I fear the Democrats are missing some vital truths as they stomp toward a technical revision of the industry- this is NOT a system, just a pair of commensal industries. The big failure so far is the bubble. The only growth industry across America is health care. And wow is it increasing- compares to my house!
I bought a house in 2001, and in 6 years the value doubled. Of course, it's now 1.5 times the purchase price, because we saw a catastrophic 'correction' involving millions of people losing their homes to unrealistic expectations. I used to pay for my own health insurance through my business, but the premuims went up 20% every year. It's the same math, and will result in millions of people losing their health due to unrealistic expectations.
This is a bubble, and it has to be regulated now. Otherwise we're going to have to move our parents into the basement, and that's going way too far. Who was effected by the housing bubble? Everyone, from Tavo in Orange County to Haji between islands in Indonesia. AIG, et al, remember? It's called fallout, where the damage spreads but doesn't dissipate.
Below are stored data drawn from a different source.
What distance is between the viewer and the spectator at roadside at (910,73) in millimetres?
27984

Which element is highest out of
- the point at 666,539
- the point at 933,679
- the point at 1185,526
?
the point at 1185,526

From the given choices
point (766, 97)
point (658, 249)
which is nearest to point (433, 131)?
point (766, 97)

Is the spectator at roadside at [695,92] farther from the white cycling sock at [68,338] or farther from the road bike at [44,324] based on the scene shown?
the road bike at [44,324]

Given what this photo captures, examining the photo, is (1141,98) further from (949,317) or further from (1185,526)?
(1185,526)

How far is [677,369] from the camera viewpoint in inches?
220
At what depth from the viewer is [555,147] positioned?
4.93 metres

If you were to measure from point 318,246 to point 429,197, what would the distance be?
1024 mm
The ONLY way to move forward successfully, let real businesses continue their work, preserve availability and quality of care and establish the first systemized health care here in the world's headquarters is to establish a US Federal Health Insurance Plan (call it Insy Med?) and start selling HMO-style insurance at half the going rate with price fixes. We own AIG now, right?
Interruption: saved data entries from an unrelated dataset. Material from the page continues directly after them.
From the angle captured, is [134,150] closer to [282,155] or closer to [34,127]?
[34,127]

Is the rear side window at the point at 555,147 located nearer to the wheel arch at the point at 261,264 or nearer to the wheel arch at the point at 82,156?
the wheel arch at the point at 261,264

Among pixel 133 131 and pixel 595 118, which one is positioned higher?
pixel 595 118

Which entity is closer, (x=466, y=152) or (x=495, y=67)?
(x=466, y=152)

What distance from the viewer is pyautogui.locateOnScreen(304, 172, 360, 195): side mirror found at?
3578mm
The market will react, and private for-profit companies will figure out how to thrive. The people currently enjoying health care will continue to, and the heroic employers still providing or at least subsidizing insurance for their employees will find their costs decreasing for the first time- ever.
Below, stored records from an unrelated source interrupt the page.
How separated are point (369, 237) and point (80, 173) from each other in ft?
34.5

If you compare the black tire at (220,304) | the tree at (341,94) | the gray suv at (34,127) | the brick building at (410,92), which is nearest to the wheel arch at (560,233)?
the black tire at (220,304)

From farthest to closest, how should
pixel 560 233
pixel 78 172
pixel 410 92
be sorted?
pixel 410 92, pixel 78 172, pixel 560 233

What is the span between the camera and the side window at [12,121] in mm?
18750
We're paying for drugs, alcoholism and cigarettes. We're paying for power plant-produced particulate. We're paying for Big Oil, Coal and the rest of the extraction industry. We're paying for suntans and hairspray. We're paying for a parking lot attendant to open the door for managers. To believe that we can bring down the cost of health without ameliorating these irritants is either wingnut liberal or wingnut RNC. Doesn't matter which.